Bruce Weber American, b. 1946

“A Letter to True,” True and Tai, Montauk, New York, 2003.
Archival Pigment Print.
Edition of 15
11 x 14 in / 27 x 35 cm

Edition of 5
20 x 24 in / 50.8 x 61 cm
Hand-signed by artist, titled, numbered and dated on print verso

Look at the gap between them: a small golden retriever planted in the grass at the left edge, ears up, muzzle tilted skyward, and across a yard of empty clifftop the vast kneeling bulk of an elephant, one foreleg folded under, the other extended toe-first toward the sea. Tai's trunk curls back over itself like a question mark she's decided not to ask, and True sits with the patience of a dog who has waited through worse. Weber stages the whole picture on that single beat of distance — close enough to be a portrait of two friends, far enough that you feel the comedy and the tenderness of the scale.
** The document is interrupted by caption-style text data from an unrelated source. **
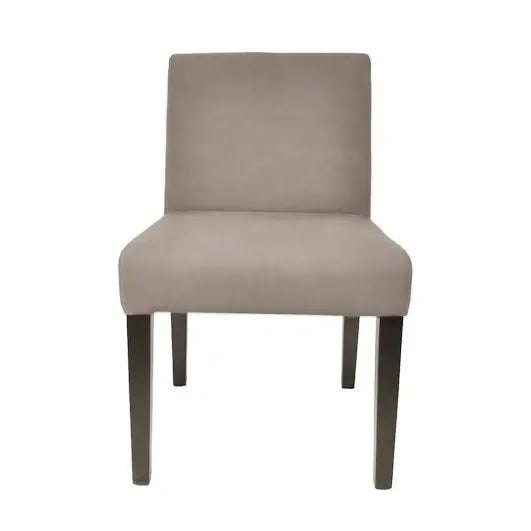 Spisestol Wien Homefactory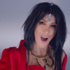 Hande Yener'e hapis şoku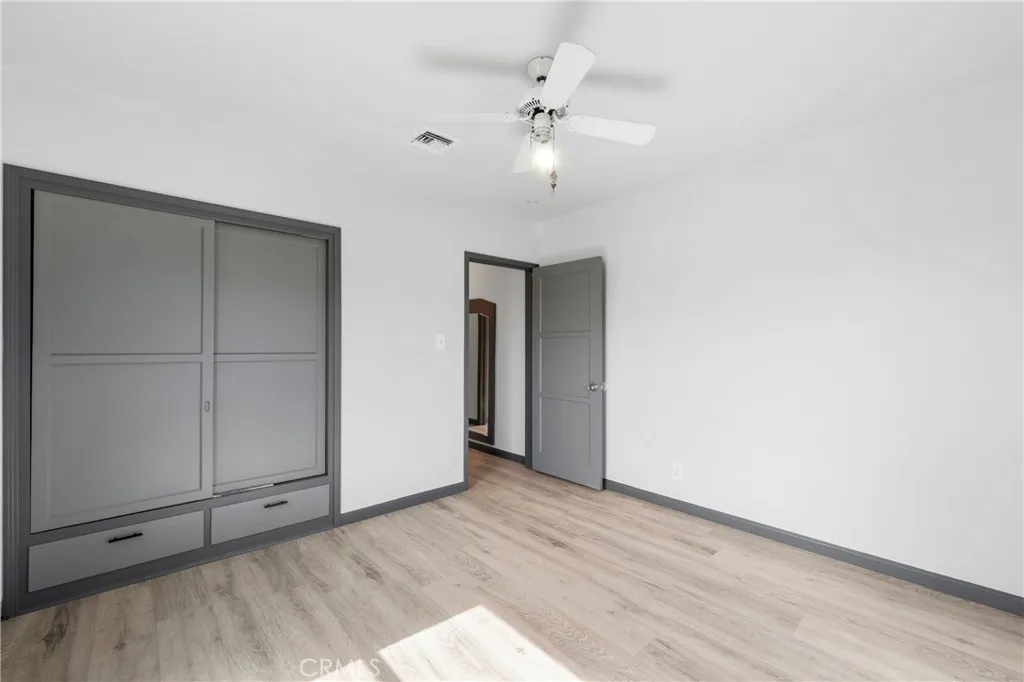 Additional image 21 of 3764 Pacific Ave, Jurupa Valley, CA 92509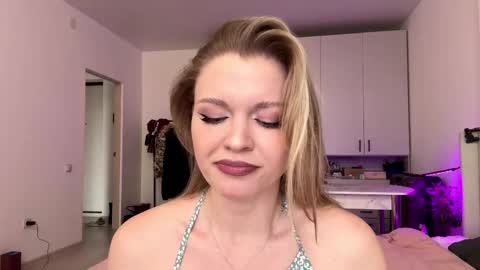 Viola online show from January 2026 07:57:02 AM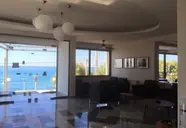 Archipelagos Residence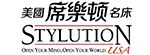 席乐顿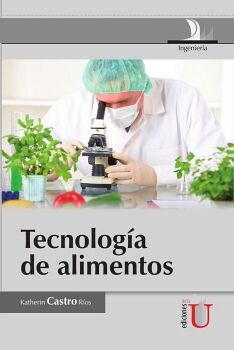 TECNOLOG�A DE ALIMENTOS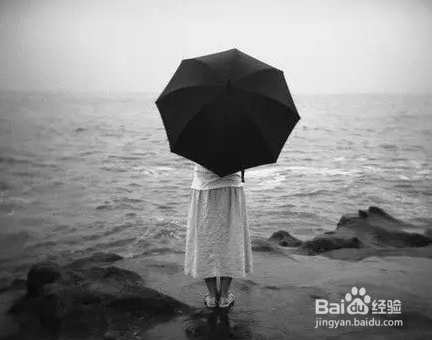 大姨妈来了要注意哪些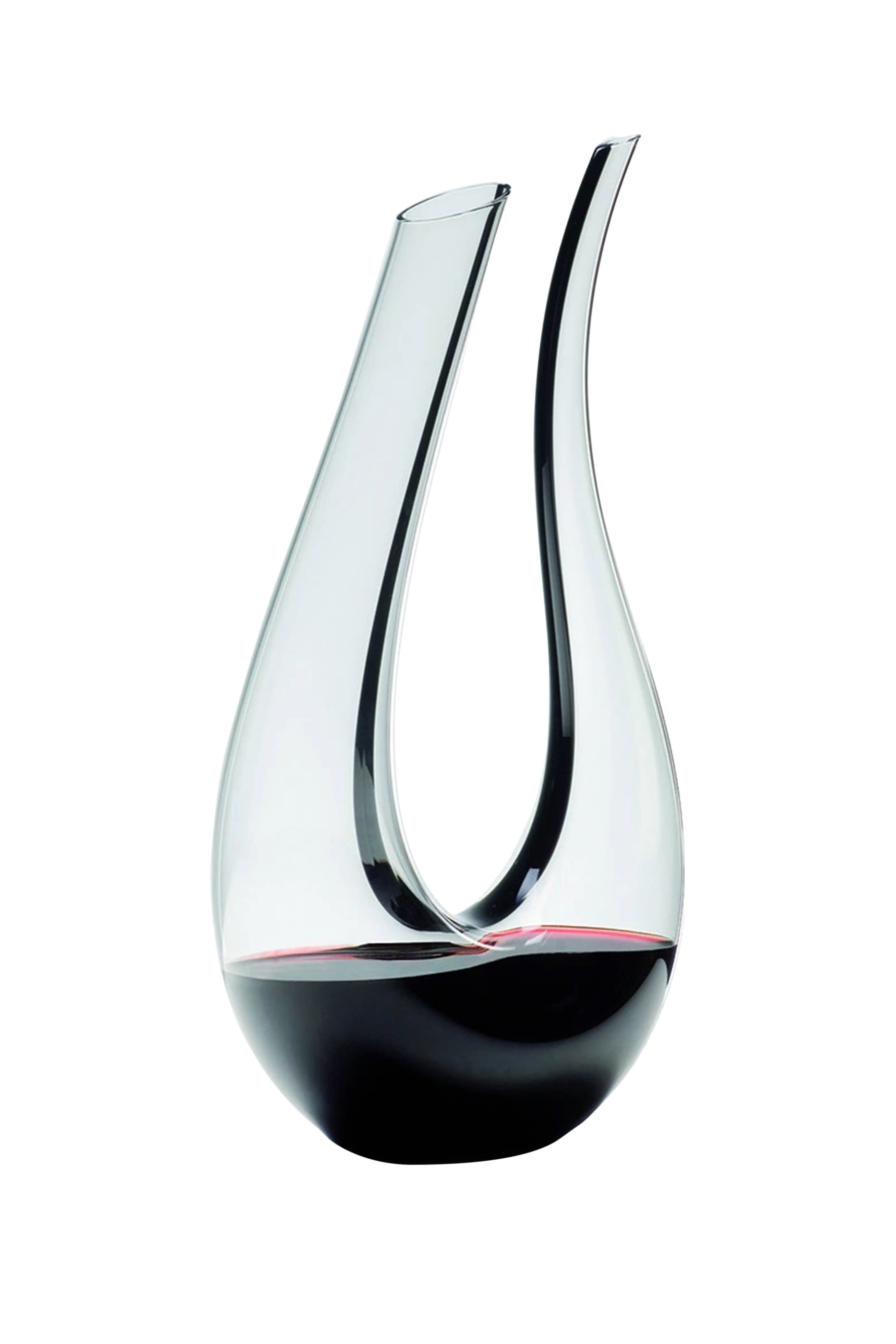 زجاجة بلاك تاي أماديو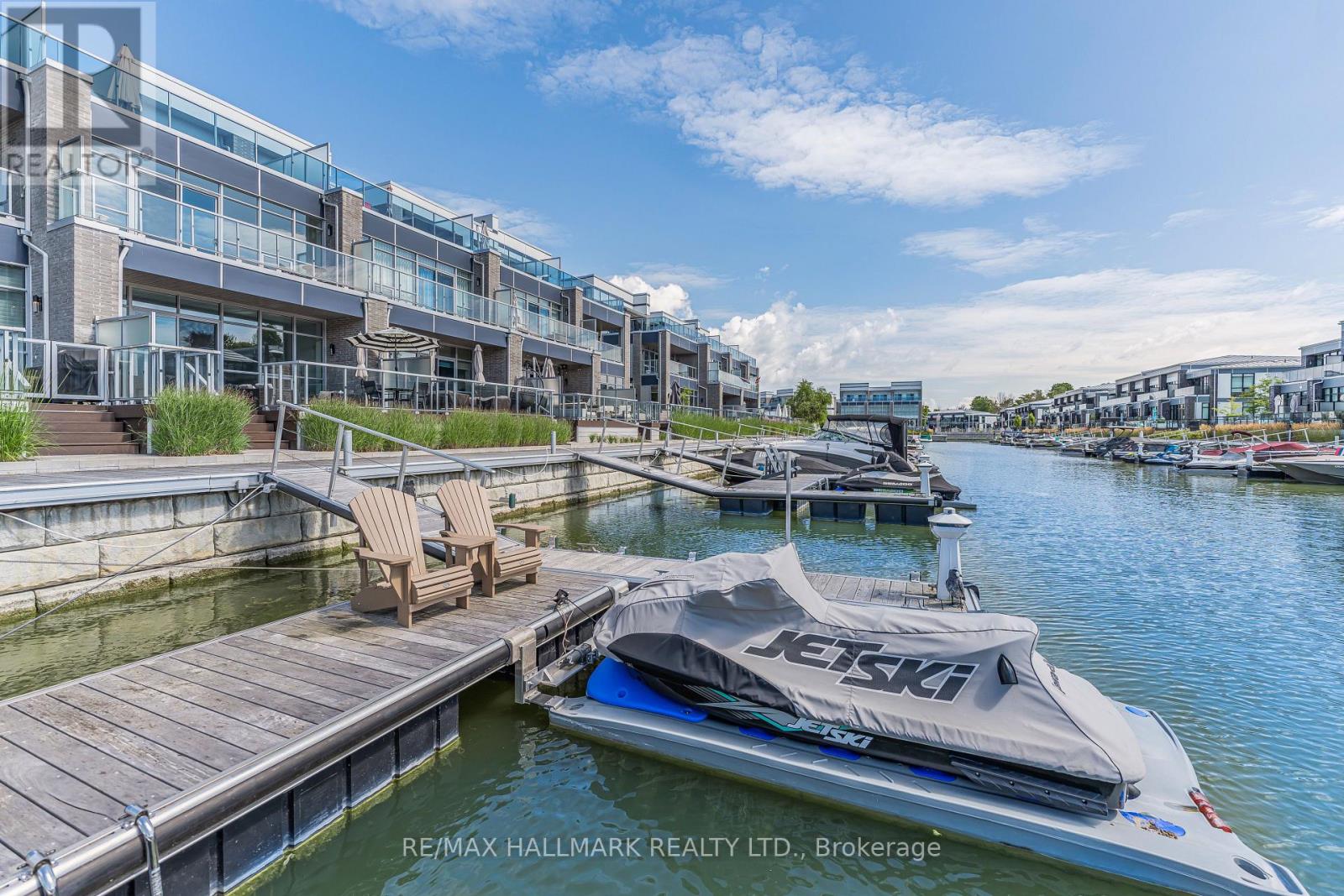 3712 Ferretti Court, Innisfil, ON photo 3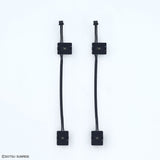 PG 1:60 LED Unit for Gundam Exia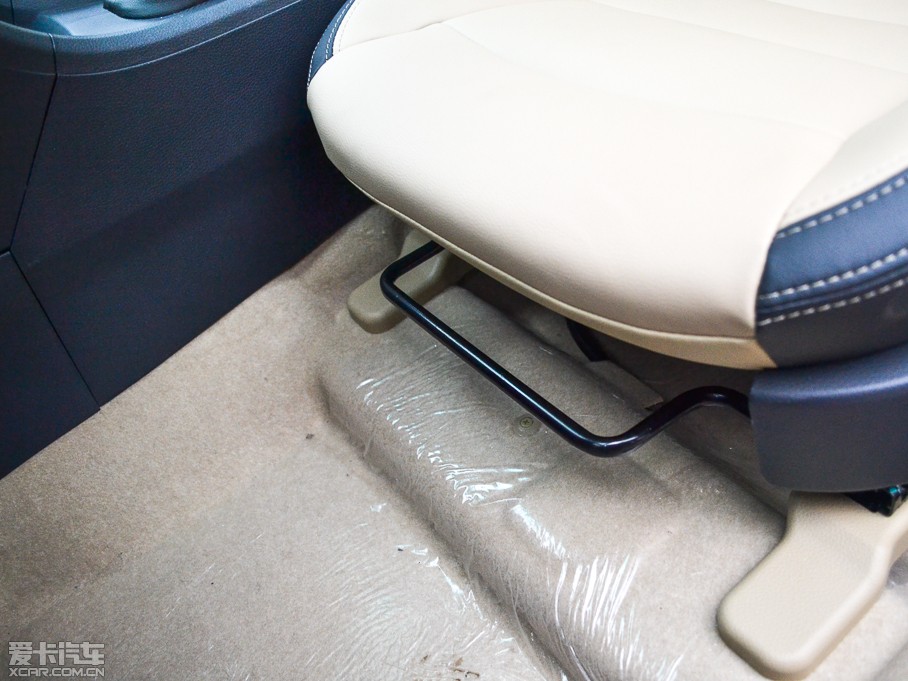 2014����� 1.6L �ք����m��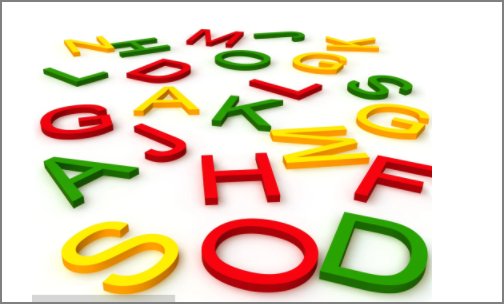 homies是什么意思中文？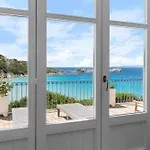 Teresa Hébergement de vacances Santa Teresa Gallura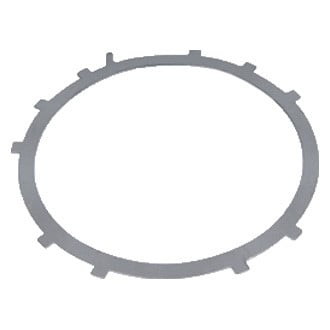 ACDelco® - Genuine GM Parts™ Automatic Transmission Waved Clutch Spring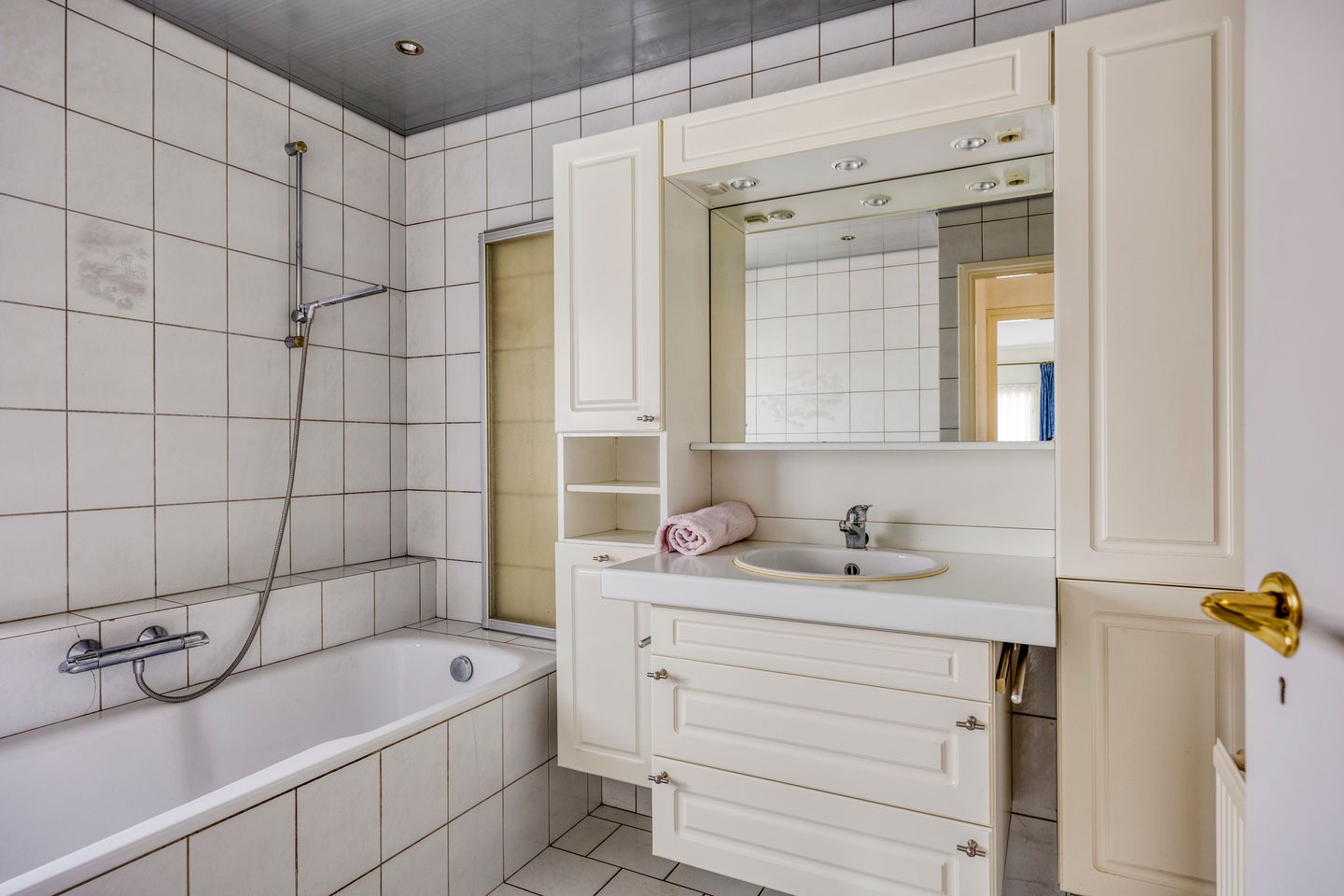 Foto 29 van Nieuwstraat 3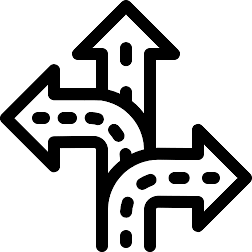 Logo Urban Crossroads, Inc.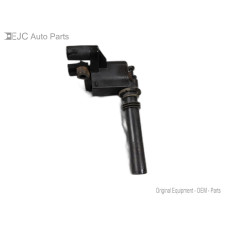 211N009 Ignition Coil Igniter For 03-05 Dodge Ram 1500  5.7 56028394AD Hemi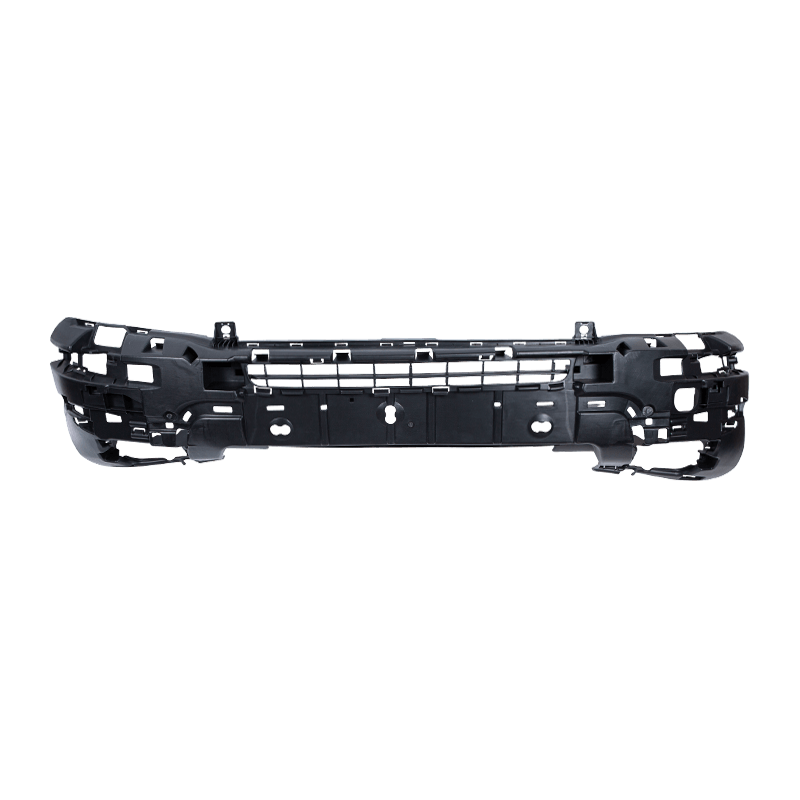 بطانة المصد الأمامي لسيارة XC90 2007-2016 OE 30796614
This is from "A Letter to True," the 2003 film Weber made as an open letter to his golden retrievers, and the still carries the movie's whole register: Montauk light, a horizon line of sea behind them, grass going to seed at the cliff edge, a flat slab of rock parked at lower right like a piece of stage furniture. Nobody who has spent time with Weber's menagerie pictures will mistake the sensibility — the man who could make Calvin Klein bodies and Newfoundland dogs share the same hot, classical light brings exactly that even-handedness here, granting the elephant and the retriever equal dignity and equal charm.

What sells it is the toe. That delicately pointed foot, suspended just above the turf, turns a four-ton animal into something balletic, almost coy, while the dog holds its ground and adores. It is a sentimental subject handled without a drop of sugar, printed deep and silvery so the elephant's creased hide and the retriever's loose fur read as two textures of the same affection. Rare, instantly Weber, and impossible to walk past.